I would encourage not directly using the user-uploaded images. But uploading dir...

JimDabell · on May 4, 2024

> For example you should almost certianlly be stripping geo location. But in general I would recommend stripping everything non-essential.

Including animation in most cases. Otherwise somebody can use a single frame with very long duration that will be reviewed by moderators, then follow that frame with a different frame containing objectionable material which will eventually be shown to people.

joshstrange · on May 4, 2024

Wow, that's something I had never considered. I did run into a bug with someone uploading a gif to our servers and our resize script spitting out a file per resized gif frame (base_1.png, base_2.png, ...) that I had to fix but I'd never have thought of your example. We just took the first gif frame in our case, which would have been safe from this thankfully.

qingcharles · on May 4, 2024

I often find you can upload animated GIFs to sites that don't allow them by just renaming them to PNG first.

tetris11 · on May 4, 2024

> recent WebP vulnerability

For anyone wondering:

https://blog.cloudflare.com/uncovering-the-hidden-webp-vulne...

> The vulnerability allows an attacker to create a malformed WebP image file that makes libwebp write data beyond the buffer memory allocated to the image decoder. By writing past the legal bounds of the buffer, it is possible to modify sensitive data in memory, eventually leading to execution of the attacker's code.

chefkd · on May 4, 2024

I'm not the sharpest tool in the shed just learning python right now can the wizards explain how this would work? Isn't data stored in memory super random so the attacker would need to upload an image multiple times to get sensitive data? Or does the webp image itself have code that will be run and can retrieve the data?

dmoy · on May 5, 2024

Generally with a buffer overrun, you're trying to put executable code in, and get it to a spot where it'll be run, allowing you to do further stuff.

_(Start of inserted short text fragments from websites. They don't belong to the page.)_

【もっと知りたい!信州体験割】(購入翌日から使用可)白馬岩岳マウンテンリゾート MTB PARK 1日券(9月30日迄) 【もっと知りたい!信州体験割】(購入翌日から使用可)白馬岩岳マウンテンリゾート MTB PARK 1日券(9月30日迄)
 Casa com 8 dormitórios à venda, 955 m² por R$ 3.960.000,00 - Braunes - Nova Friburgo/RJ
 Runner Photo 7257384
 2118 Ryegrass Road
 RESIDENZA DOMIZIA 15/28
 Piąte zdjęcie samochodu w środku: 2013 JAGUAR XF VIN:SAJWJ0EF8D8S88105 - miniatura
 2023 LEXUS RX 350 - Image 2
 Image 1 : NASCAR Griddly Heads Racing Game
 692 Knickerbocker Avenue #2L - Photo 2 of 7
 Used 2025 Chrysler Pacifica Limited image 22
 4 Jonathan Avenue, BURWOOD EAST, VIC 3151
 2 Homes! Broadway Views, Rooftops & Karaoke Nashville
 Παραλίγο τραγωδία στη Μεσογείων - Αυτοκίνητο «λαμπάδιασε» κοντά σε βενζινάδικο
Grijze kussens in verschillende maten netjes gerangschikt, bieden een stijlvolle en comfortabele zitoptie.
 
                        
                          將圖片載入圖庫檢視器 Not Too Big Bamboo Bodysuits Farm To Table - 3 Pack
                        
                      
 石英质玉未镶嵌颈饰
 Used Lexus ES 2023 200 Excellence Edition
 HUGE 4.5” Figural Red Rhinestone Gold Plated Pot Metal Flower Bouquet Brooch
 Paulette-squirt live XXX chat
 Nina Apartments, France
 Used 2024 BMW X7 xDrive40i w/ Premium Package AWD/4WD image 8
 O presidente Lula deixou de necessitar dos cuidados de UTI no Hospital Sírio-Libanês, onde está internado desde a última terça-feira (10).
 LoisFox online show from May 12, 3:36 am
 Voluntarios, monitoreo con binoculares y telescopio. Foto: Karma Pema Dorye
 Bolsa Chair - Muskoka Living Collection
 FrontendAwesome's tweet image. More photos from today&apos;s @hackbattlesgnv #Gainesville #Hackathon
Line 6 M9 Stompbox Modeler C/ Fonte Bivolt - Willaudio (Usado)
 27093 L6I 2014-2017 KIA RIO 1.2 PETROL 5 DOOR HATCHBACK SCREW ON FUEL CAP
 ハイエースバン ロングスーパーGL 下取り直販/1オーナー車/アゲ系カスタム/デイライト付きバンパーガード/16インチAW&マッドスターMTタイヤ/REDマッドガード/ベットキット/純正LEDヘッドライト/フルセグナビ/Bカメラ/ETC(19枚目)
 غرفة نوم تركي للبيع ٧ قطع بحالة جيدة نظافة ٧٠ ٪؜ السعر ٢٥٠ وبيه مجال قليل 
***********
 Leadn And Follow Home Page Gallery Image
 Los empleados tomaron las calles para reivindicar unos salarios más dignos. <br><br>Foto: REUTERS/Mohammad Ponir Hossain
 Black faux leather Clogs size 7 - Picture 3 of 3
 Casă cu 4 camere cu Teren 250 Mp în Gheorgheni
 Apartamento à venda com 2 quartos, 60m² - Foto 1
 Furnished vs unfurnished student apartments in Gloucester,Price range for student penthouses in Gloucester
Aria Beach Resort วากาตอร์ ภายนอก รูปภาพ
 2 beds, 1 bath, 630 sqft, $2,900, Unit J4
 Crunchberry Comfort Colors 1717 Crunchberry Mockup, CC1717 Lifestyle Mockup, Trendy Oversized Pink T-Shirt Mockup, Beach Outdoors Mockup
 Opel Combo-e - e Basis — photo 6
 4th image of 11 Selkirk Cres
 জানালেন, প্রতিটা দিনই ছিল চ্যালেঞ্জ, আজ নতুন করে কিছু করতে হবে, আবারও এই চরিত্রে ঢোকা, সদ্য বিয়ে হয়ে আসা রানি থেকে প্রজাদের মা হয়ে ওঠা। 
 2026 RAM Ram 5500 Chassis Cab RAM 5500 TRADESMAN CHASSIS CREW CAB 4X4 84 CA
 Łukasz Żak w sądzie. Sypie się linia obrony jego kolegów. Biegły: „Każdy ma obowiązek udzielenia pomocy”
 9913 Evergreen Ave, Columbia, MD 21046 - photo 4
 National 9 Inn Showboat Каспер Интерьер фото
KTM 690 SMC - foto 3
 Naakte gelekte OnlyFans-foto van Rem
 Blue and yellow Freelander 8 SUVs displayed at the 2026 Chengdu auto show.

Here is a canonical old article on one type of buffer overflow:

http://www.phrack.org/issues/49/14.html#article

(The webp one, iirc, is not a stack buffer overflow, but rather a heap, but that'll give you a general sense of what's going on, even if that article is a bit ... dated)

mmsc · on May 4, 2024

>Re-encoding the image is a good idea to make it harder to distribute exploits. For example imaging the recent WebP vulnerability.

And now your server which is doing re-encoding is pwned. Gotta segment the server doing that somehow, or use pledge, capsicum, or seccomp I guess.

dpkirchner · on May 4, 2024

This is a pretty good use case for serverless endpoints, assuming the volume is pretty low.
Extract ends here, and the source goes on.